Olympic Closing Ceremony 2012: Biggest Takeaways from Summer Games' Finale

Patrick ClarkeCorrespondent IAugust 13, 2012

LONDON, ENGLAND - AUGUST 12:  A general view during the Closing Ceremony on Day 16 of the London 2012 Olympic Games at Olympic Stadium on August 12, 2012 in London, England.  (Photo by Michael Steele/Getty Images)
Michael Steele/Getty Images

The closing ceremony of the 2012 London Olympics was a sensational one and one that will be remembered vividly by those who participated and tuned in this summer.

It's safe to say the folks in charge four years from now at Rio 2016 have their work cut out for them. Luckily, they have plenty of time.

Here we break down the biggest takeaways from the Summer Games' epic finale.


Fans Still Love the Closing Ceremony

No matter how irrelevant the closing ceremony of the Olympic Games is in my eyes, most fans enjoy the finale and all the flash and bang that it includes. 

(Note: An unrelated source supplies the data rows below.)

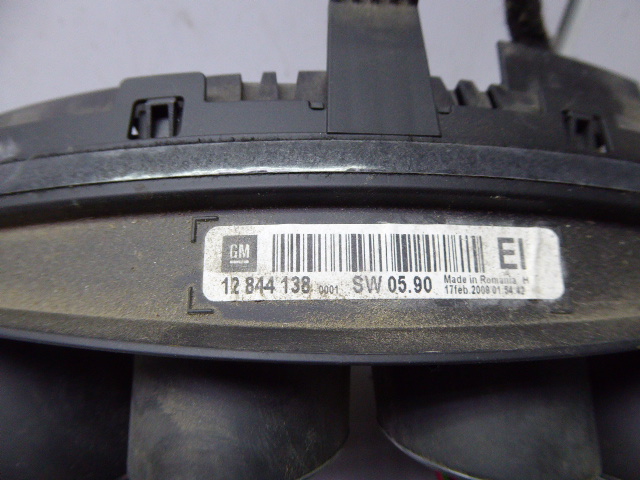 фото №9, Insignia a 08-13 набір стартовий бортовий комп'ютер лічильник петля ключ 2.0 cdti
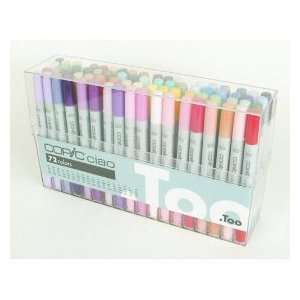  Copic Ciao Marker 72/Set Arts, Crafts & Sewing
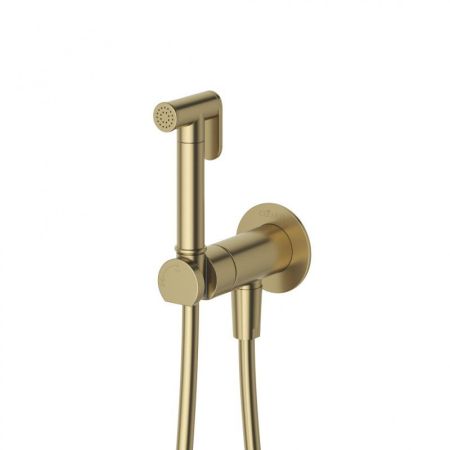 Гигиенический душ со смесителем LEAF-DIF, артикул LEAF-DIF-NOP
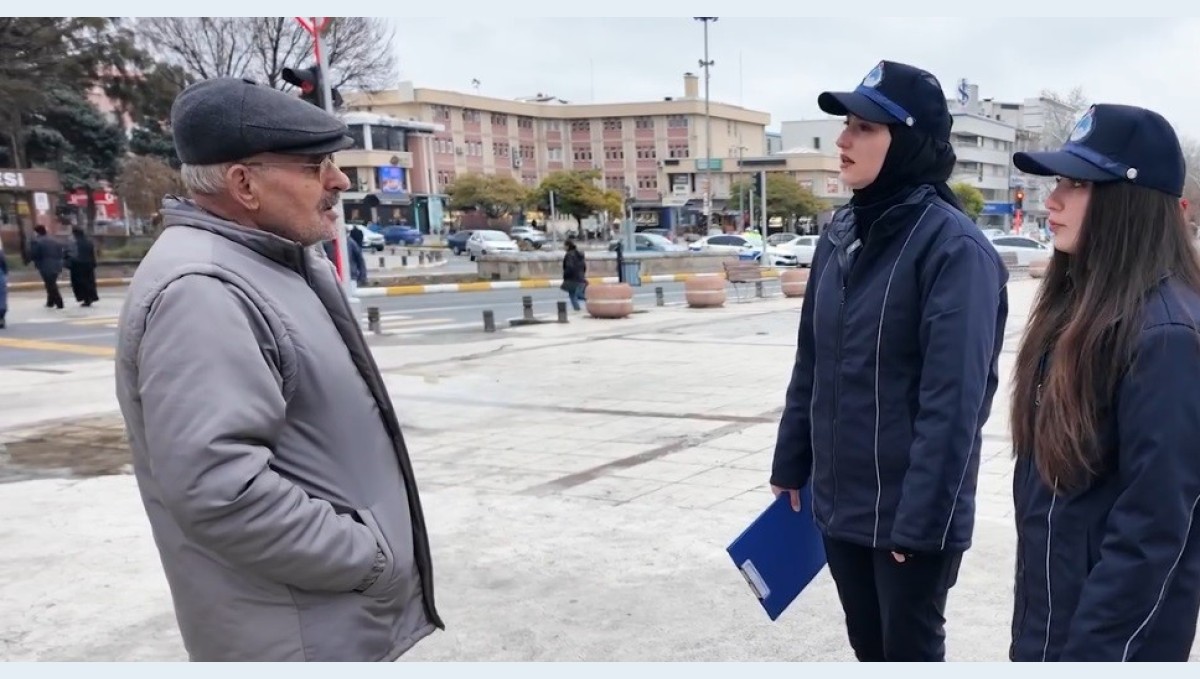 Erzincan'da "Çevremizi Temiz Tutalım" kampanyası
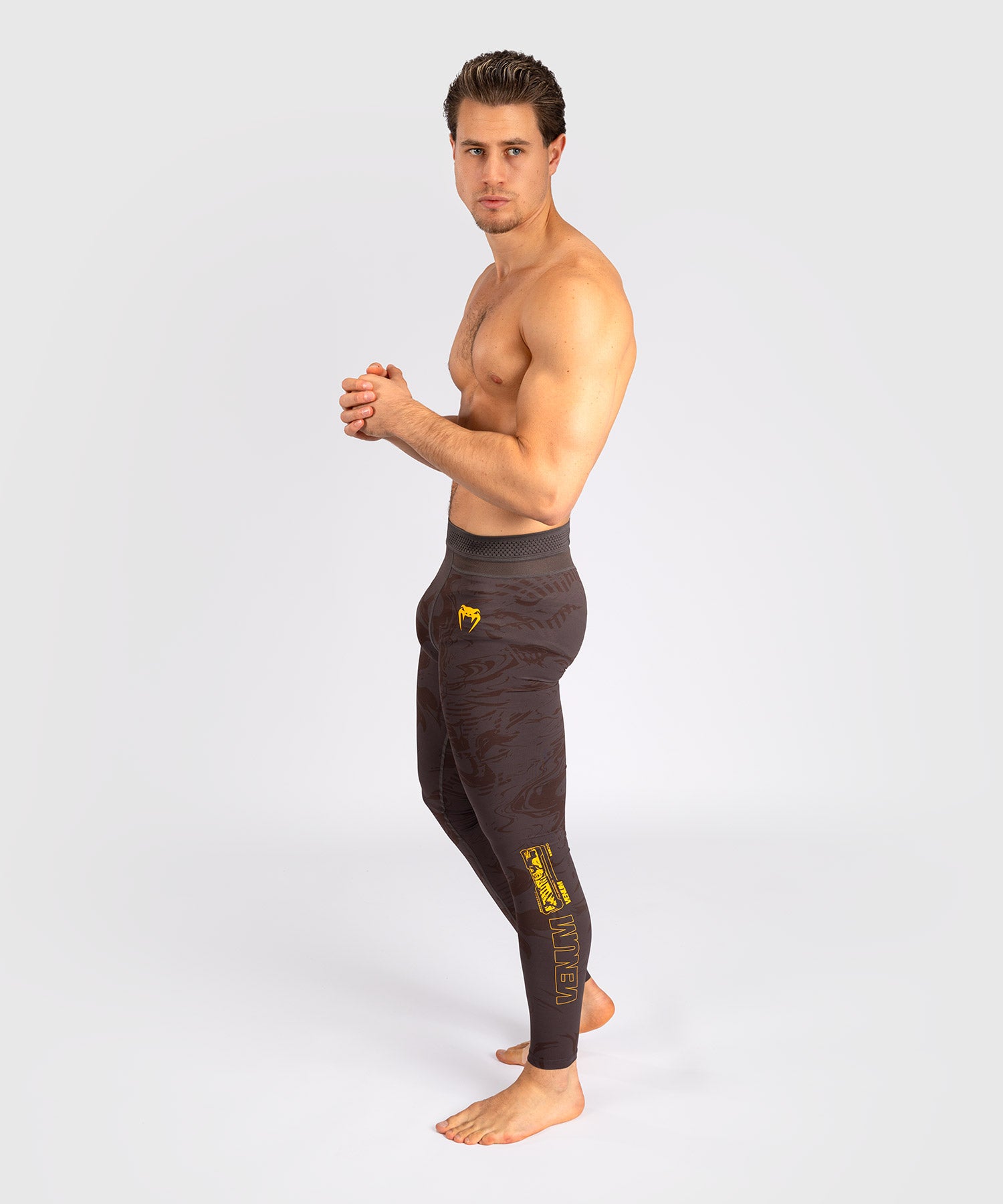 Venum UFC Spats Fusion Fight Week - Marrón
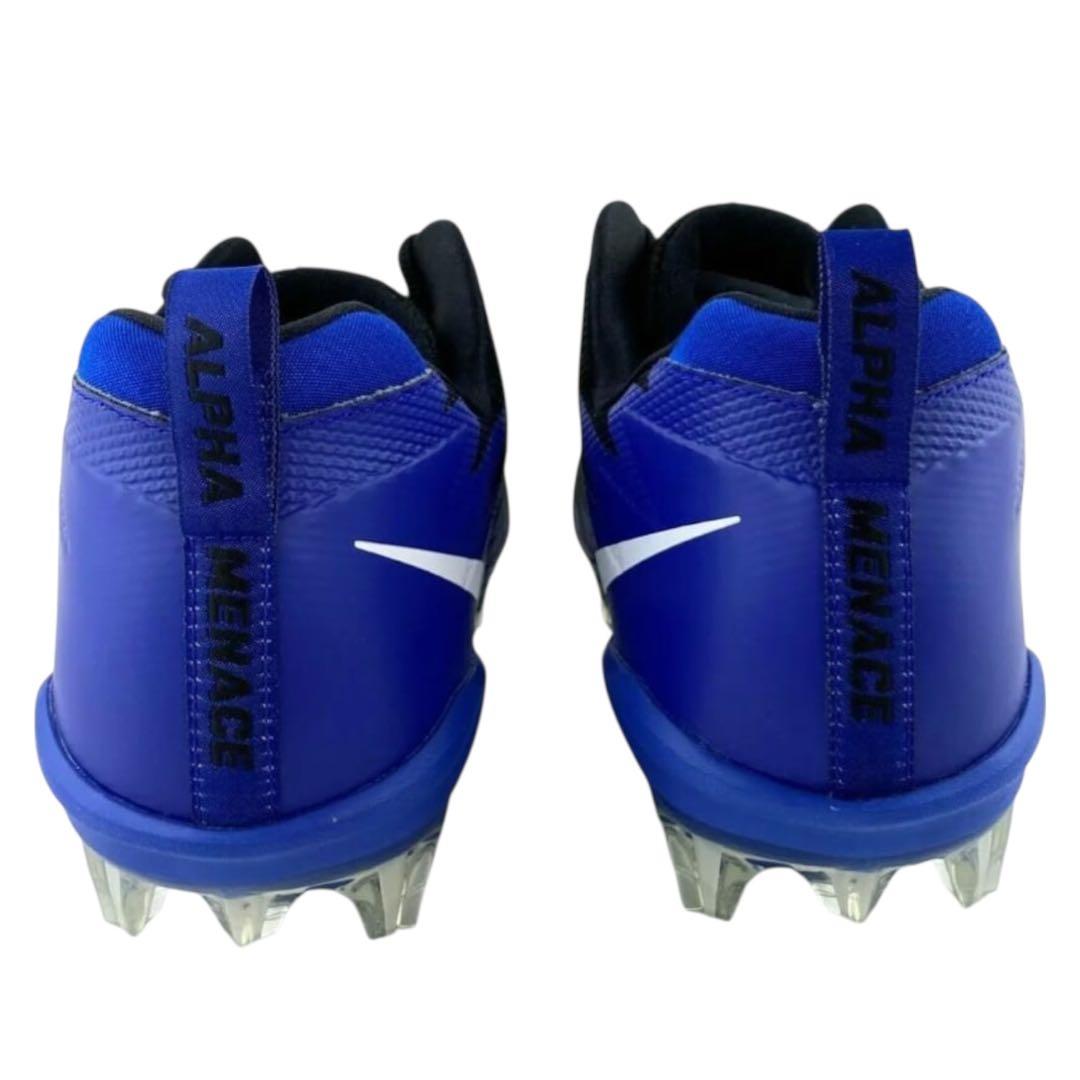 【28.5cm】NIKE ALPHA MENACE PRO アメフト スパイク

Roughly 80,000 people filled the Olympic Stadium in London on Sunday, helping to say goodbye to one of the most memorable Games in recent memory. 

Michael Phelps became the most decorated Olympian in history, while Jamaica's Usain Bolt became the greatest sprinter of all time. 

Whether people are there for the big-name performers or the unique take on the host nation's culture, there is something intriguing about the closing ceremony.


The British Love Their Pop

Whether it was the Spice Girls or One Direction, British's top pop groups were on display during the closing ceremony on Sunday.

The fans and athletes alike were loving every minute of it, and I'm sure there were countless fans nodding and bouncing their feet at home.

The musical treat was well-deserved by the British as well, who won 29 gold medals and 65 total. It was the nation's most impressive performance in over a century dating back to 1908.

I must say, the mix of old and new gave the world a perfect sample of what British pop had and has to offer. 


The March of the Athletes Still Inspires

Nearly 11,000 Olympic athletes marched together as one on Sunday at the closing ceremony, signaling the meaning of the Summer Games and its goal of unifying the globe.

Considering that the athletes walk alongside their fellow countrymen and countrywomen only in the opening ceremony, this slight alteration to the march makes for an inspirational ending to a unique and rare sporting event. 

Regardless of sex, race or background, the Olympic athletes come together to show that competition is meant to bring us closer and inspire others.